I also read this past week another account of a British Canon. His name was Canon Hoare, and he was the rector of Holy Trinity in Tunbridge Wells in southern England. Many of you perhaps have been to Tunbridge Wells. It’s very easy to drive through. He was a man very highly esteemed in the south of England, and the individual who was speaking about him said, “I can see him now. He was tall, stately and gray.” That means he had hair. I thought I could fill up that picture, but I cannot. He said, “He was as bold idea of all that a minister should be, and he said in his study there was hanging a very beautiful and telling picture. It represented a shipwreck, and in the shipwreck there was one life being saved.”

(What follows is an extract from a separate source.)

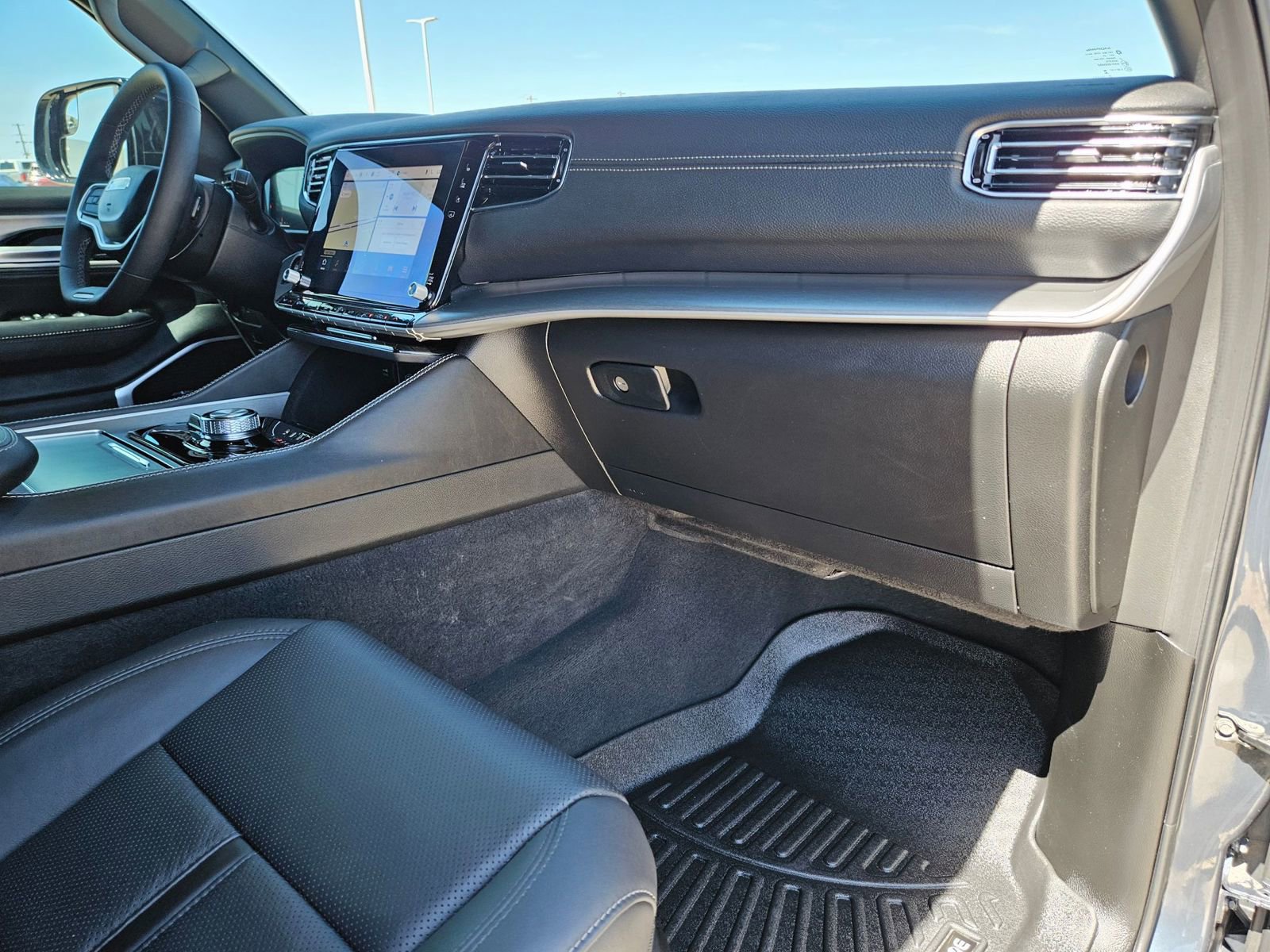 Certified 2025 Jeep Wagoneer Series II w/ Premium Group I image 27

And he said, “The Canon, if you were in his study, and you were having an ordinary conversation, and if you remarked about it, you might hear him explain how it came to be there. It seems that a very wealthy individual called the Canon, and said that he would like to talk to him about a place where his body might be buried, and so he came. They went out. They walked through the churchyard, and they inspected several positions in the church cemetery about where his body might be placed, and finally the gentleman at last selected the spot in which he wished his bones to rest.

Well, when they’d completed this business, he said they paused for a second or two, and they listened to the birds in the cemetery, and then the Canon turned to his companion, the wealthy man, and he said, ‘Well, now you’ve chosen a resting place for your body. Have you found a resting place for your soul?’ It sat the man thinking, and no decision was made then, but he thought through it for sometime. He found the resting place. The only resting place in the Lamb of God who takes away the sins of the world, and he sent the Canon that picture, as a token of his gratitude. He felt that this was his life. The one life saved from the shipwreck by our Lord and savior Jesus Christ.”

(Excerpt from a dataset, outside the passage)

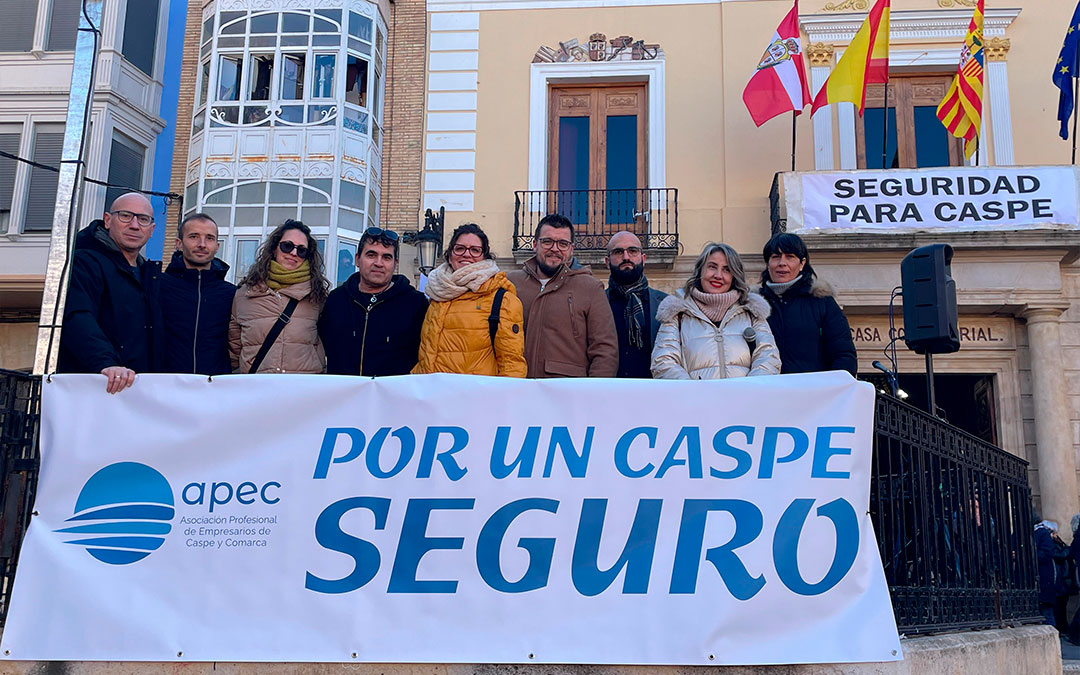 Concentración APEC Caspe seguridad ciudadana./ S.F.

“Come unto me all ye that labor and are heavy laden, and I will give you rest.” You may the one-person in the shipwreck, but you are shipwrecked, and the only solution is our Lord and savior Jesus Christ. We invite you to come to him, and trust in him. If you are here today, and you’ve never believed in Christ, you do not have rest. You may think you have rest, but you have no rest, and when the time comes for your death bed or however you may come to the end of your life you, will find that the missing ingredient by which you may have rest and peace, you do not have. That is found only in our Lord and Savior Jesus Christ. “Blessed are the dead who die in the Lord. Whose names are written in the Lamb’s Book of Life.”

May God in his grace touch your heart. May you see that you are that person in the shipwreck. That’s what you are heading for. You are heading for death, spiritual death, and spiritual death’s end is eternal death. May God in his marvelous grace touch your heart. May you recognize that that judgment is sure to come. It’s not something you can avoid. It’s certain. It’s according to truth. It’s according to righteousness. Flee to Christ. Believe in him. Trust in him and receive through him the gift of eternal life. Let’s stand for the benediction.

[Prayer] Father we are grateful to Thee for the warnings and admonitions of the word of God, as we look into the future and reflect upon these great judgments that are to be poured out from heaven, upon those who have turned away from the gospel of the grace of God, in Jesus Christ.

We thank Thee that Thou hast enabled us to understand the way of deliverance through the lamb’s blood shed for sinners. Lord, if there still some in this audience who have never believed in him, give them no rest nor peace until they rest in Christ, we pray in Jesus’ name. Amen.